**RECORDS SUPPLIED**
=== Begin Enclosure ===

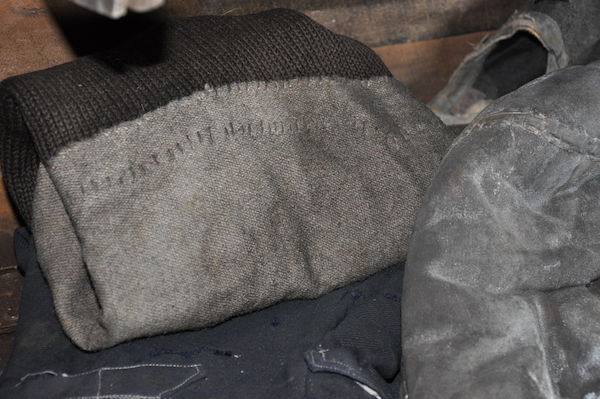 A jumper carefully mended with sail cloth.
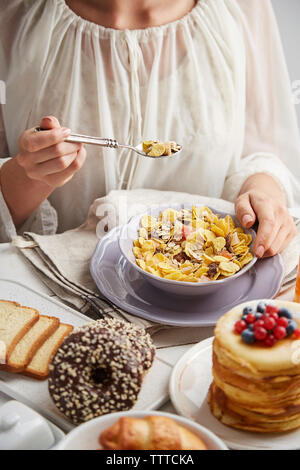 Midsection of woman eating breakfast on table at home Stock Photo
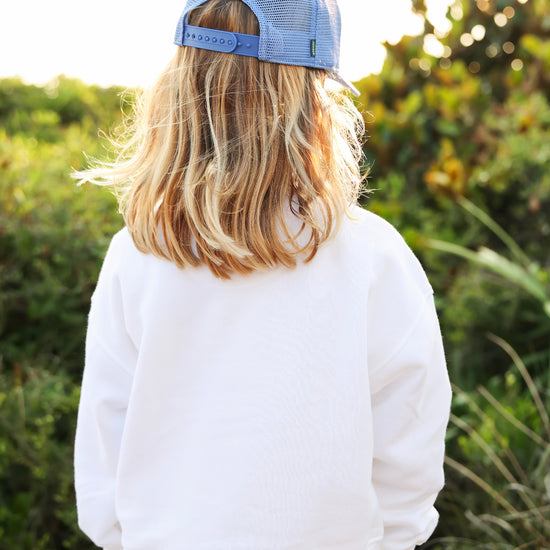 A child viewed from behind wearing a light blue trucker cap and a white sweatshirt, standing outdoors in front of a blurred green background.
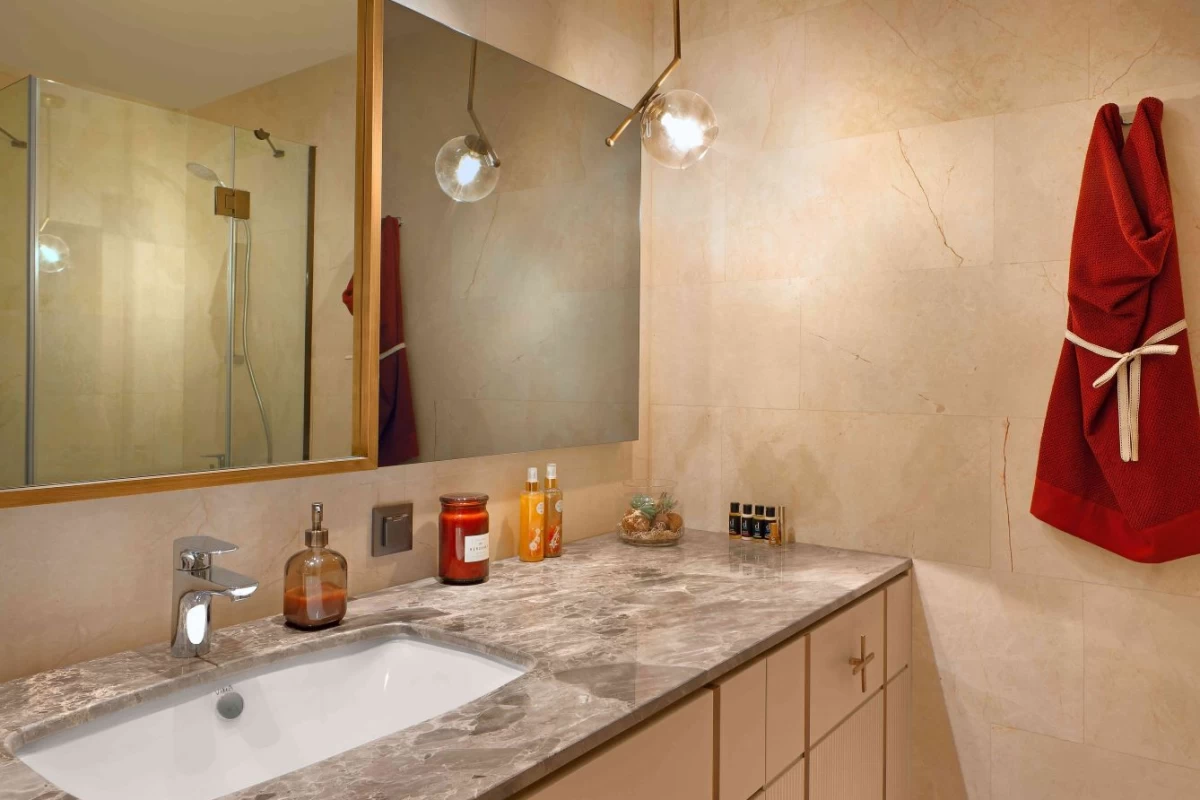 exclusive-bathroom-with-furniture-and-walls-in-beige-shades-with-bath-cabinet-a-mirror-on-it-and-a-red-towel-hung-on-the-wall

=== End Enclosure ===
=== Begin Enclosure ===

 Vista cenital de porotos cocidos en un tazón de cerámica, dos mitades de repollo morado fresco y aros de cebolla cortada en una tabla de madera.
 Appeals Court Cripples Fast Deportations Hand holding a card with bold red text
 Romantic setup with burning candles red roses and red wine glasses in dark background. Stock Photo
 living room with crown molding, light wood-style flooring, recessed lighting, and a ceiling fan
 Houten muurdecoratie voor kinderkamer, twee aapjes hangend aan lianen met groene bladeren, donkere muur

=== End Enclosure ===
=== Begin Enclosure ===

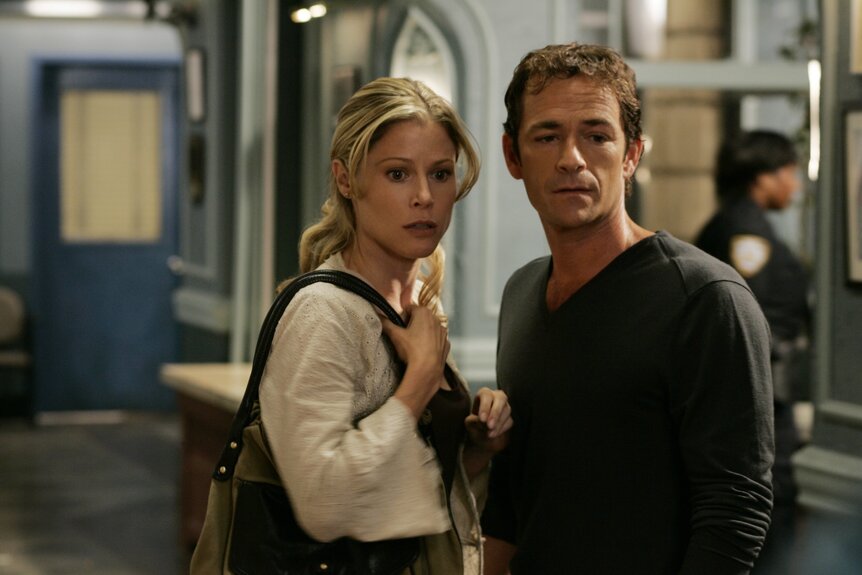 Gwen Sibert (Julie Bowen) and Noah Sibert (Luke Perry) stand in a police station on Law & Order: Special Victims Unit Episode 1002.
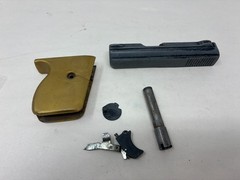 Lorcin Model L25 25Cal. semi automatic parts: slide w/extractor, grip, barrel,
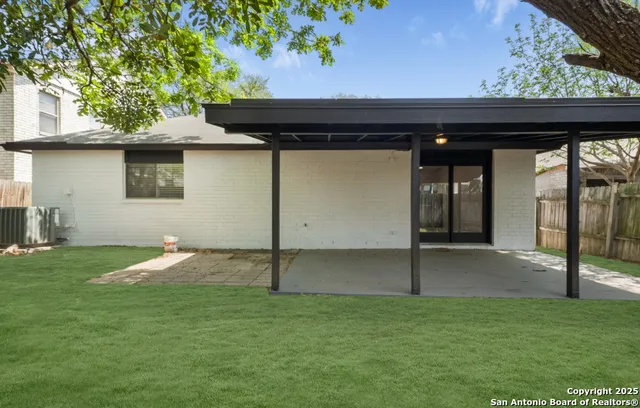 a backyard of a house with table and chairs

=== End Enclosure ===

In the listing above, find the line with "Lorcin Model L25" and the line with "a backyard of a house with table and chairs". Copy exactly those two and every line between, without the pictures.

 Lorcin Model L25 25Cal. semi automatic parts: slide w/extractor, grip, barrel,
 a backyard of a house with table and chairs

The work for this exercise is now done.